John Masefield achieved fame as a poet and as the Poet Laureate of the United Kingdom from 1930 to 1967. However, in his early years, he produced substantial work as a commercial writer, including two collections of sea stories, A Mainsail Haul (1905) and A Tarpaulin Muster (1907), of which most were horror stories. Masefield did not tell William Hope Hodgson–style horror stories—indeed, Masefield’s sea horror stories predate those of Hodgson—but rather stories that combine traditional nautical folklore with a poet’s language and a keen grasp of nautical detail. Masefield’s horror stories, though certainly entertaining and chilling, are more nineteenth rather than twentieth century, obviously pre-Machen quartet, and are far closer to the traditional work of a Quiller-Couch than the modern and innovative work of a Hodgson.

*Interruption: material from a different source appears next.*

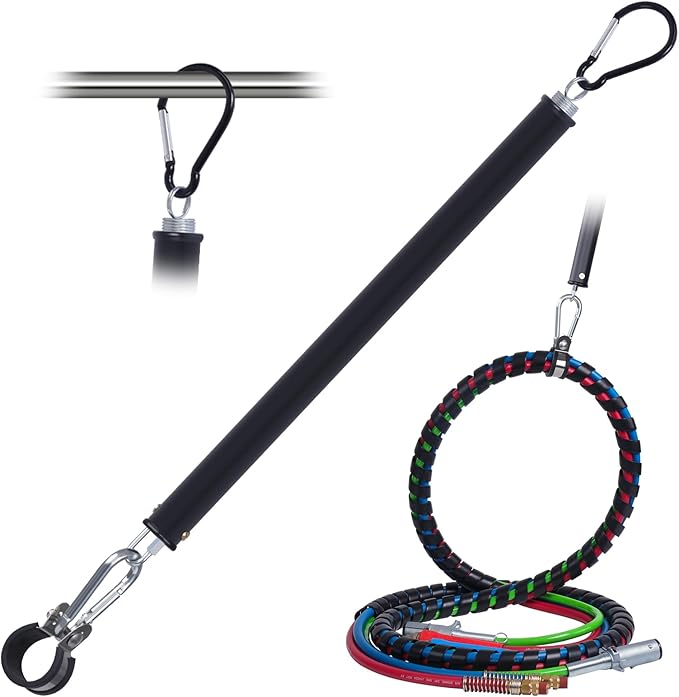 CheeMuii 20" Single Tender Spring Kit with Trailer Hose Holder Heavy Duty Tender Spring for Semi Truck Air Lines Kit 3 in 1 Air Lines Holder for Semi Truck Trailer Tractor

H. Munro, known by his pseudonym “Saki,” was in his time both popular and important. Known and liked for his short fiction and the style in which he wrote—“it guaranteed for the sophisticated reader a certain kind of ironic, perversely amusing short tale, often reminiscent of O. Henry in its laconic surprise ending and of Oscar Wilde in its stylistic sting and witty turn of phrase”10—he was an influence on Noel Coward, Evelyn Waugh, and P. G. Wodehouse during and after his lifetime. But he abandoned his best weapon—satire—in his horror fiction. In his mainstream fiction, he wielded satire as a weapon against his enemies, the boors, twits, domestic tyrants, and callous members of the upper classes. But horror, especially the supernatural variety, seemed to hold a special place in Saki’s heart; horror was, however unconsciously, the instrument with which he could come to grips most directly with the unpleasantnesses of life, with the effects of his own miserably unhappy childhood, and with the end-product of his sardonic outlook on life. In his horror, he didn’t use satire to attack his enemies; instead, he used plot, theme, and character and, if need be, a story’s narration itself. Saki never abandoned his trademark wit and incisiveness in his horror fiction, which are an epitome of a certain type of Edwardian horror, and his horror stories are the equal of his mainstream stories. But viewed through the lens of his personal life, they take on an extra poignancy.